Irish High Court rejects pregnant woman's challenge to HSE home birth policy

On 16 August Ms Justice O’Malley in the High Court rejected a pregnant woman's challenge to HSE home birth policy. The HSE currently allows home births under a memorandum of understanding with independent midwives who assist in such births. The reason for the existence of the memorandum of understanding is because professional indemnity insurance for this kind of work has become unavailable in the private market. The HSE however refuses to indemnify certain categories of births including those where the mother has previously had a caesarean section. The plaintiff, Ms Aja Teehan, had a caesarean section six years ago.

Ms Teehan was not seeking an order compelling the HSE to facilitate a home birth but rather challenged the blanket policy of not allowing home births where the mother previously had a caesarean section, rather than deciding each case on its merits. The plaintiff claimed that the risk of uterine rupture following a caesarian section was just 0.5 percent.

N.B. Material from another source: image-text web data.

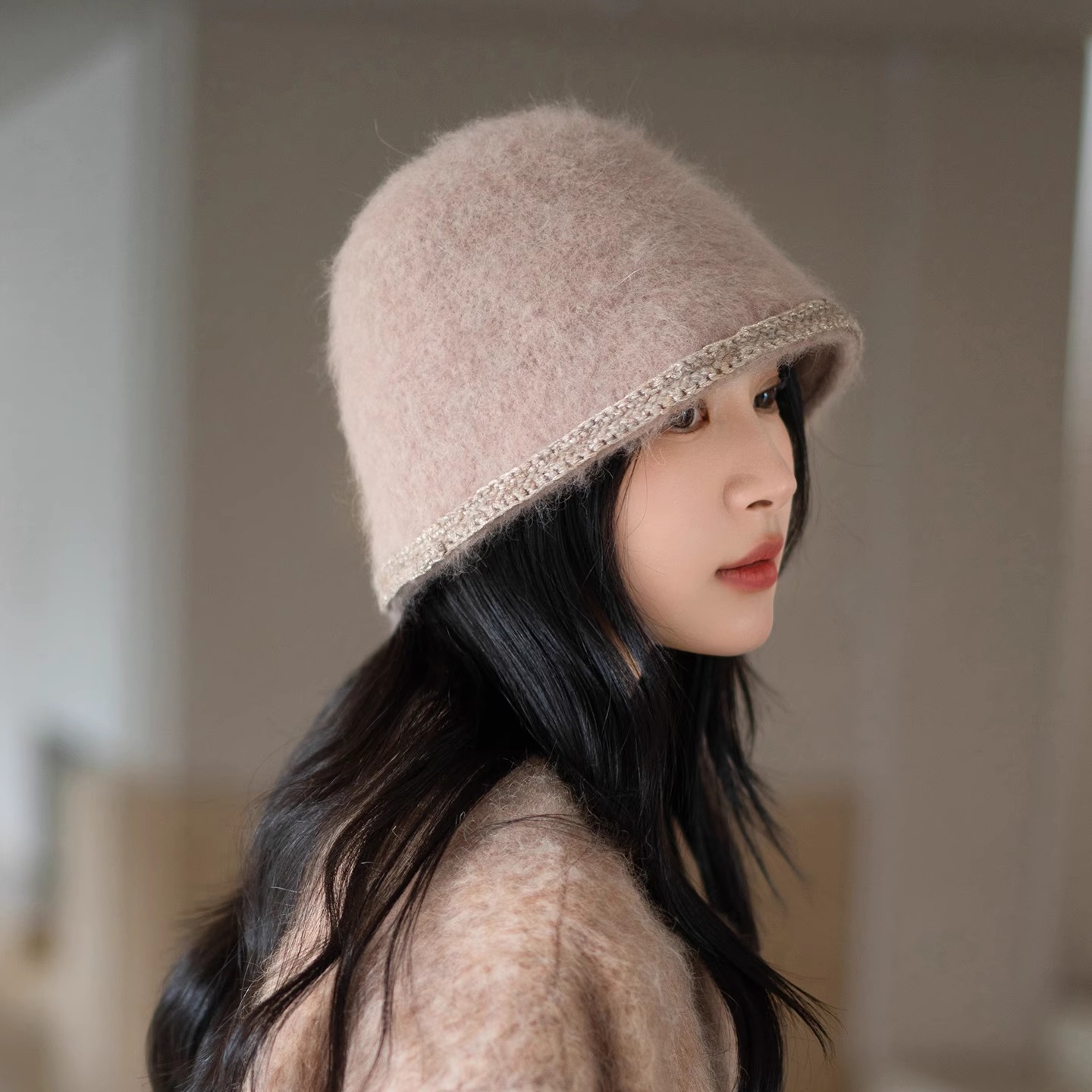 疯帽子轻奢小香风昂立兔毛渔夫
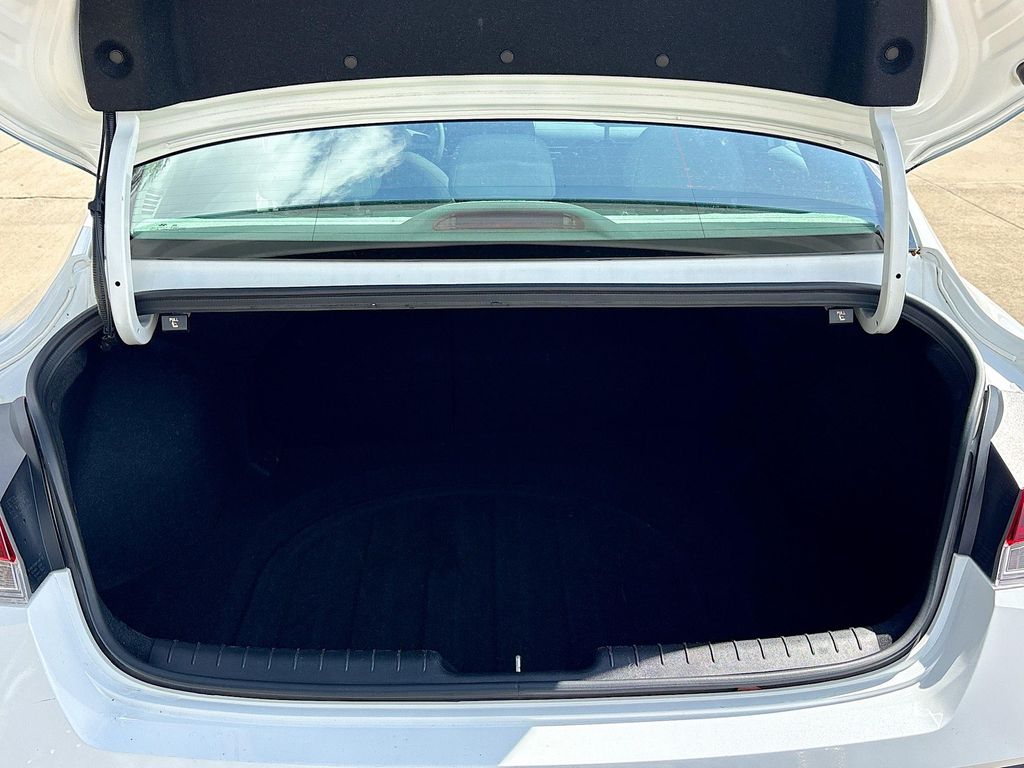 2025 Hyundai Elantra SEL - Photo 27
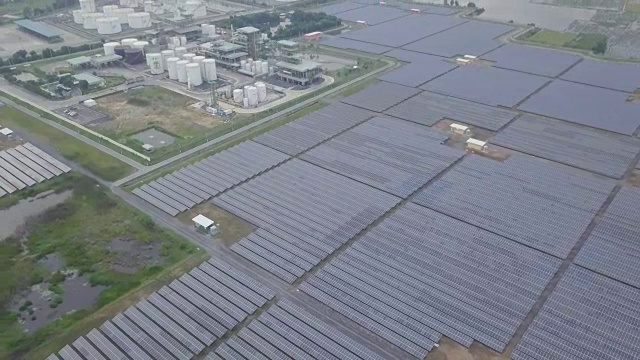 太阳能电池农场鸟瞰图视频素材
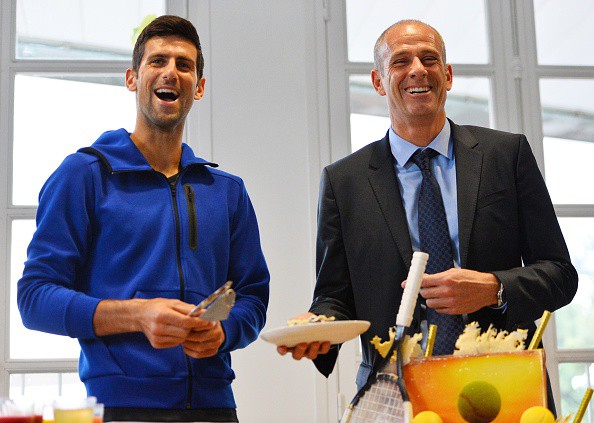 Djokovic nhận quà đặc biệt từ BTC Roland Garros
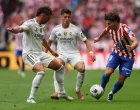 Soccer Football - LaLiga - Atletico Madrid v Real Madrid - Riyadh Air Metropolitano, Madrid, Spain - September 27, 2025 Atletico Madrid's Julian Alvarez in action with Real Madrid's Raul Asencio REUTERS/Violeta Santos Moura/Foto: Violeta Santos Moura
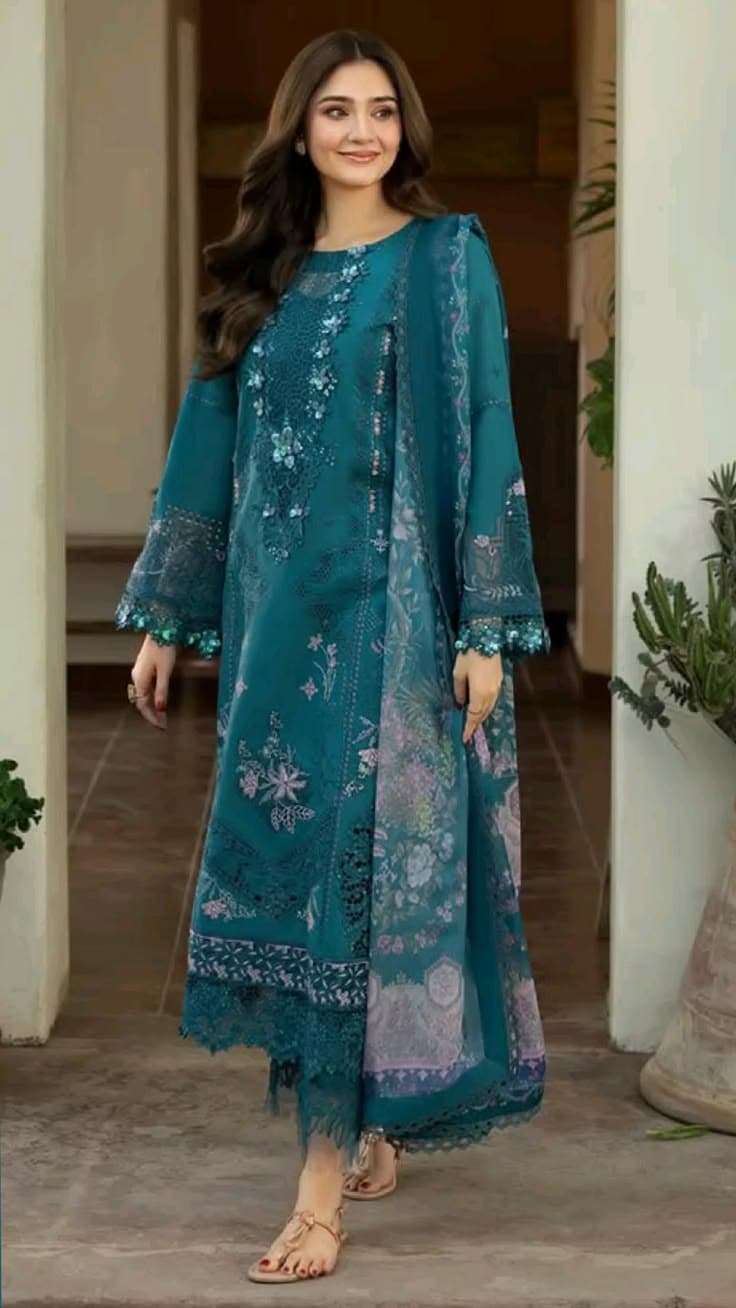 Laila Charcoal Grey Threadwork Pret Set - Handcrafted Pakistani Embroidered Dress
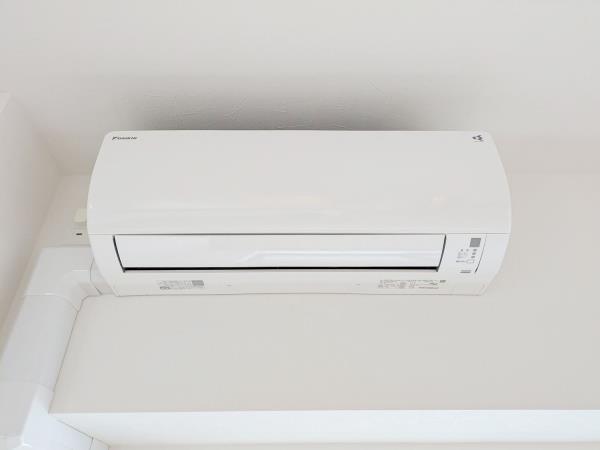 256000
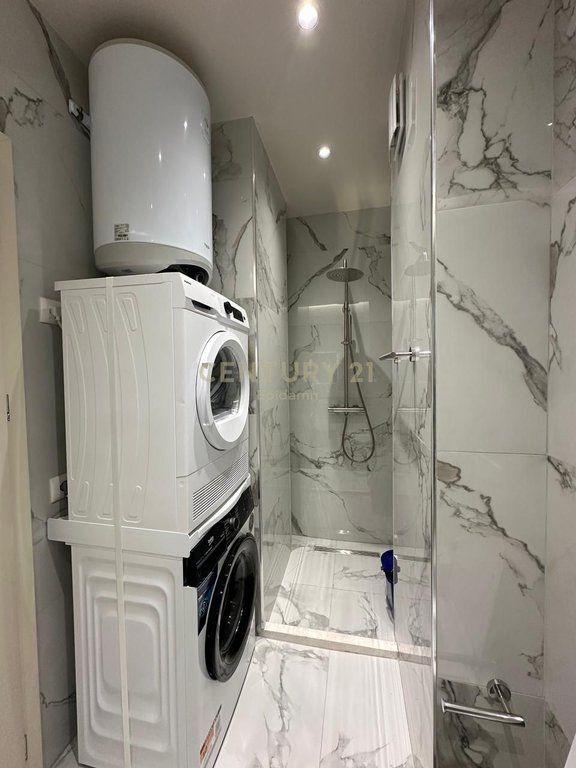 Appartamento di lusso 2+1+2 in vendita, Zogu i Zi Tirane 345.000 € Superficie totale 110m2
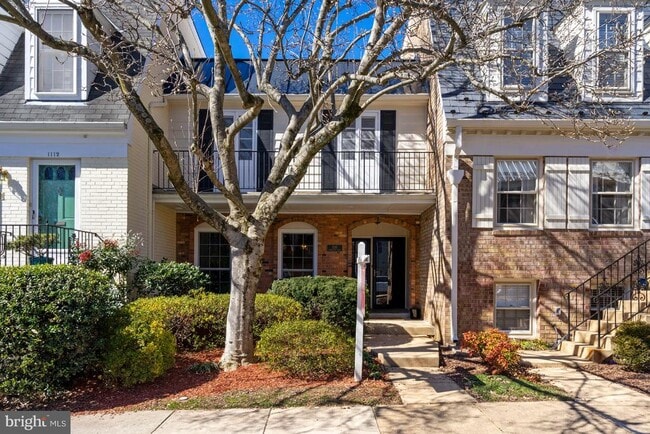 Building Photo - 1110 Wimbledon Dr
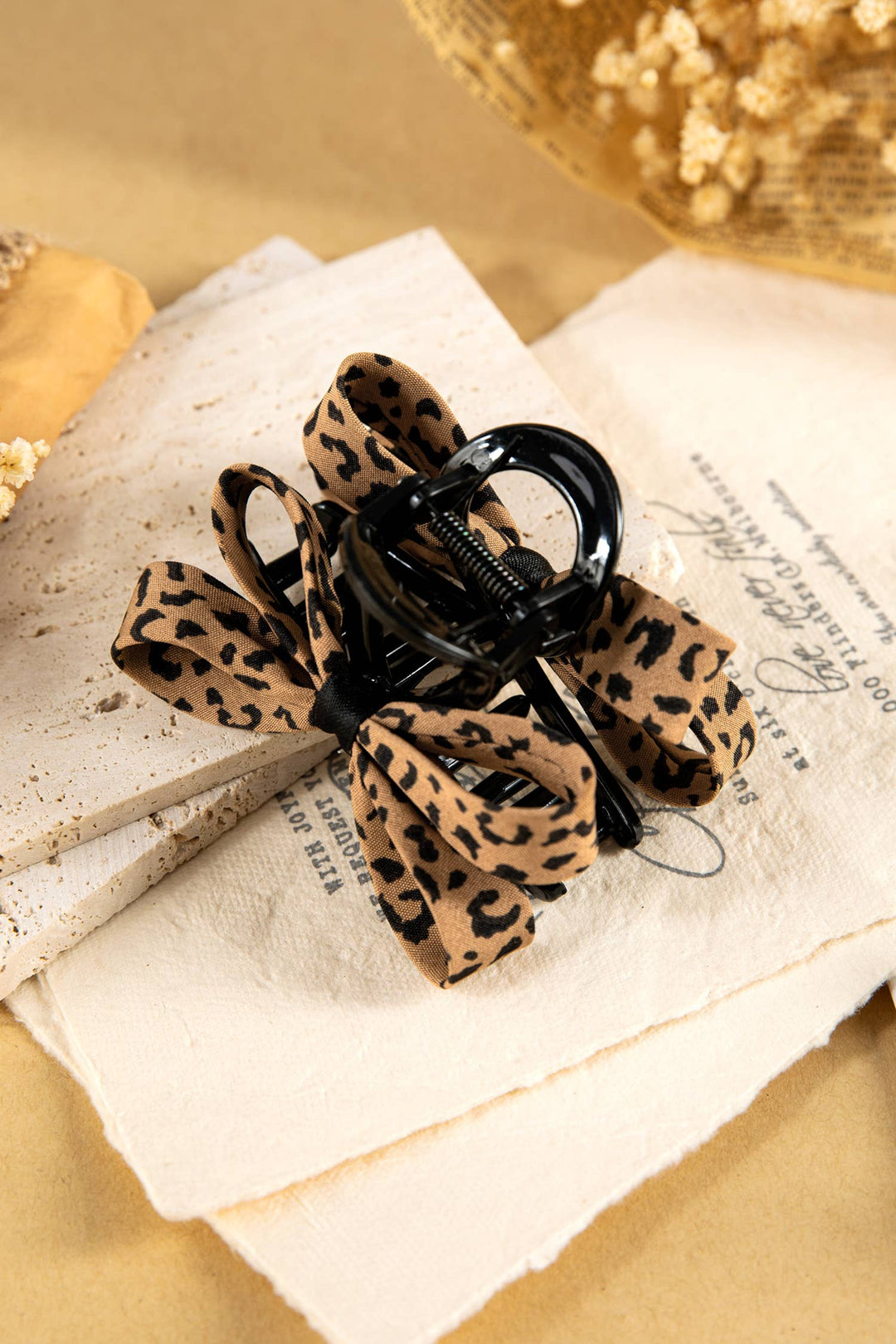 Leopard Bow Applique Plastic Hair Claw Clip: Chestnut / ONE SIZE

Ms Justice O’Malley noted that there is no statutory obligation for the HSE to provide for home births. She said “The HSE is entitled, having regard to the potential consequences of uterine rupture, to provide maternity services in such a way as to minimise the risk of its occurance, even if that risk is small.” She also held that for the courts to change the HSE's home birth policy would constitute “manifest irrationality”.

Ms Teehan is considering an appeal to the Supreme Court. The hearing for costs has been pushed back until 6 September which is less than a month before Ms Teehan’s due date.